> What to do:
Pull every line that includes the word "visit" from the data.

> Entries supplied:
= Beginning of Section =
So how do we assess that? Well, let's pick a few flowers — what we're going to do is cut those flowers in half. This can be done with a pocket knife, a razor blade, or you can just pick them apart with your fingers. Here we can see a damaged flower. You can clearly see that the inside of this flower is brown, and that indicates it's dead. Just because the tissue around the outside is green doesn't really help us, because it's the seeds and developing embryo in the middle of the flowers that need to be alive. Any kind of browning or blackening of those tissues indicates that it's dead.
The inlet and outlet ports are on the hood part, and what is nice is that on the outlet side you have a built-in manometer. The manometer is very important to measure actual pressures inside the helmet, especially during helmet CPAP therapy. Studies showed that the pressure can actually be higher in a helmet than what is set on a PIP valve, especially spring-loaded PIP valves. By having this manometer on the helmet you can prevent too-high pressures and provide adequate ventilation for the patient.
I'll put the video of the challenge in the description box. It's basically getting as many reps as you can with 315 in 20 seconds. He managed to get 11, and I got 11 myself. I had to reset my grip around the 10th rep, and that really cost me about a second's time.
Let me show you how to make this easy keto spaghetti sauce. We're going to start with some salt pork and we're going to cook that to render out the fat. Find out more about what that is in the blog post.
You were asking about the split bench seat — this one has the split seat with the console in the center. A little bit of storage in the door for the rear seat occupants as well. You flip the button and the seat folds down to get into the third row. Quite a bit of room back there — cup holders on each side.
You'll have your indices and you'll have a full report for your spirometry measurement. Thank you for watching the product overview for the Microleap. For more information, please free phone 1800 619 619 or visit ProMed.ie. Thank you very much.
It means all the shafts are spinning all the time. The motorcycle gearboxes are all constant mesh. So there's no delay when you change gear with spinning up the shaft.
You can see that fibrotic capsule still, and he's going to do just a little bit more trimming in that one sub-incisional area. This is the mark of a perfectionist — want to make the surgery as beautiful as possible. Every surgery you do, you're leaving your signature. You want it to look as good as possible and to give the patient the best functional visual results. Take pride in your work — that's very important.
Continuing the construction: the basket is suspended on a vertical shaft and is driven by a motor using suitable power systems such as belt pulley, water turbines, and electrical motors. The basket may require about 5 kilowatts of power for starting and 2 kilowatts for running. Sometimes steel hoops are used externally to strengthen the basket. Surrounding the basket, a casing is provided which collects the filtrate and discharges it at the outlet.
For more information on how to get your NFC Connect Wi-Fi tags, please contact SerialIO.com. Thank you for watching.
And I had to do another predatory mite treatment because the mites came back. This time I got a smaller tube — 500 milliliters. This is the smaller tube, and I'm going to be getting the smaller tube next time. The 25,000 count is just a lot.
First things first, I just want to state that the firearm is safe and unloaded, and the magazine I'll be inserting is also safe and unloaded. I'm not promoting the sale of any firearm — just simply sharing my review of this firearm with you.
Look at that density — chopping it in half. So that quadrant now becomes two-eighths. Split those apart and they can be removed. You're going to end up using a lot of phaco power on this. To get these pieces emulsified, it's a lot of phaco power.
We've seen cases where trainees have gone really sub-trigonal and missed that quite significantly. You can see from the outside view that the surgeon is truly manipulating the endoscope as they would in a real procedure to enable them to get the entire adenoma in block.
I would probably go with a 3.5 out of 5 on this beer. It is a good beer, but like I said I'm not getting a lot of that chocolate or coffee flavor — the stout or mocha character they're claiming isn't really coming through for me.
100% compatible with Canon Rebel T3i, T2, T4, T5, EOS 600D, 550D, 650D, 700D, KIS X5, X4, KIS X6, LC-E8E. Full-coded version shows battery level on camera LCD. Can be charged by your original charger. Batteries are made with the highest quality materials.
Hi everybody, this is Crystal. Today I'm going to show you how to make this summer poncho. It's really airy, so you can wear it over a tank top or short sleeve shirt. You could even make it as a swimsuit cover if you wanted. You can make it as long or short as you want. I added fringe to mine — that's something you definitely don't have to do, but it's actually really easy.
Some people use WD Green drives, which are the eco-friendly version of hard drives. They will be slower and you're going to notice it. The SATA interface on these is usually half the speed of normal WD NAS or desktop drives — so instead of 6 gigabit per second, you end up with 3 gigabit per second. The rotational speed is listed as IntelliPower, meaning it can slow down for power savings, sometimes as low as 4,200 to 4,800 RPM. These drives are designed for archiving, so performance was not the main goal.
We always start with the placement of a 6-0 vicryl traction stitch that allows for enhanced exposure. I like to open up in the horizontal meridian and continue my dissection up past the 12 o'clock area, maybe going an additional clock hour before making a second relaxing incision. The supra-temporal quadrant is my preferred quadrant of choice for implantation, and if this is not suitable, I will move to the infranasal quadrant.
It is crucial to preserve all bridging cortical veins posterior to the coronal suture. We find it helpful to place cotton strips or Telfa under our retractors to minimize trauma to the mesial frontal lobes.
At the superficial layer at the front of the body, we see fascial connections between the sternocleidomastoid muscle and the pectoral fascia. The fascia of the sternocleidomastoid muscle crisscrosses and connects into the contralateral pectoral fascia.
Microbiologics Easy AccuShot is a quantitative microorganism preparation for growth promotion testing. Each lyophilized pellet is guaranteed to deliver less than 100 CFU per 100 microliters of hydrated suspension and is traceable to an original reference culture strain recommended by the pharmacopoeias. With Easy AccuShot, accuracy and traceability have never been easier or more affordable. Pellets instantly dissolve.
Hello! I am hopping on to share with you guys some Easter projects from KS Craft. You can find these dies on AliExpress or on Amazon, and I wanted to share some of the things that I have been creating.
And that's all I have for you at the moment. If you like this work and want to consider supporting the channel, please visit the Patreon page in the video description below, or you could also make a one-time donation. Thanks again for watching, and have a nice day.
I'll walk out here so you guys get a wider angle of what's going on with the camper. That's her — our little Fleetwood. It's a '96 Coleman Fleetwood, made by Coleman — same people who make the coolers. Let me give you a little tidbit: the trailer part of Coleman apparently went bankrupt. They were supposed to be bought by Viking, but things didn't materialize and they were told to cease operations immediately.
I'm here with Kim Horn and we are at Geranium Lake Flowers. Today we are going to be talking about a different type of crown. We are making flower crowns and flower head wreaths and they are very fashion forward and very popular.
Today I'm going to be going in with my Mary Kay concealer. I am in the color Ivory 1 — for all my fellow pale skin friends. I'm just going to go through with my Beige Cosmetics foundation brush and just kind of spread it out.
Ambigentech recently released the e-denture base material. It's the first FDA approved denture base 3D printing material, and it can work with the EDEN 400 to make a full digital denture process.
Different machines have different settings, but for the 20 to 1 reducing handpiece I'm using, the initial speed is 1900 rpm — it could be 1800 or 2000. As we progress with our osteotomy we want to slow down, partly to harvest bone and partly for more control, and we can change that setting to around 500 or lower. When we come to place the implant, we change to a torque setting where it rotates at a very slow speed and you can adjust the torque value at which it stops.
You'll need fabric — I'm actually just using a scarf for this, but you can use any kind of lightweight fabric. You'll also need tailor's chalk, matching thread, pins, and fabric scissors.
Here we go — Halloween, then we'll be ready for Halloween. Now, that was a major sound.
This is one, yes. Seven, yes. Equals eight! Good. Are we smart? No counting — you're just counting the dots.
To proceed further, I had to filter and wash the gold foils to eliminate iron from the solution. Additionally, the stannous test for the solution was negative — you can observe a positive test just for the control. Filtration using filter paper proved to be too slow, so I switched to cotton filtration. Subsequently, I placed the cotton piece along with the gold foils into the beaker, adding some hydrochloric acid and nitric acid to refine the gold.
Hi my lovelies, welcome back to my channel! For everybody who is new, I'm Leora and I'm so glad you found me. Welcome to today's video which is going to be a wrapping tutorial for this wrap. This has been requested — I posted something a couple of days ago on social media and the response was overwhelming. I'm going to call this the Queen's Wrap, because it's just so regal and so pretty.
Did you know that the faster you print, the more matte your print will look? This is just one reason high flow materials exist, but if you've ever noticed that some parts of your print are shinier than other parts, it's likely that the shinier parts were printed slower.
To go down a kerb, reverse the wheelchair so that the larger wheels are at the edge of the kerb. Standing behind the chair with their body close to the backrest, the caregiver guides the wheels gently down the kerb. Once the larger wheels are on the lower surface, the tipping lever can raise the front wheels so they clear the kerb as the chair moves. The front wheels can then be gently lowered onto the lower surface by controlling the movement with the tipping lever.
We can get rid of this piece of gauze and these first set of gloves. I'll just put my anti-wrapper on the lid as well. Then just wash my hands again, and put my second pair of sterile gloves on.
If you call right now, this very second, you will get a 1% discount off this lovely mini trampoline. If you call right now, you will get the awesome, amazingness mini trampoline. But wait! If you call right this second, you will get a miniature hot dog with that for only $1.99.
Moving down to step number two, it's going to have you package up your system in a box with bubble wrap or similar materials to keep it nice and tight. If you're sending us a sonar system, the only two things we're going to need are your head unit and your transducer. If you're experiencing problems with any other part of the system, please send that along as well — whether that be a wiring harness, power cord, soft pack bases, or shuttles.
= End of Section =
> Exercise response:
You'll have your indices and you'll have a full report for your spirometry measurement. Thank you for watching the product overview for the Microleap. For more information, please free phone 1800 619 619 or visit ProMed.ie. Thank you very much.
And that's all I have for you at the moment. If you like this work and want to consider supporting the channel, please visit the Patreon page in the video description below, or you could also make a one-time donation. Thanks again for watching, and have a nice day.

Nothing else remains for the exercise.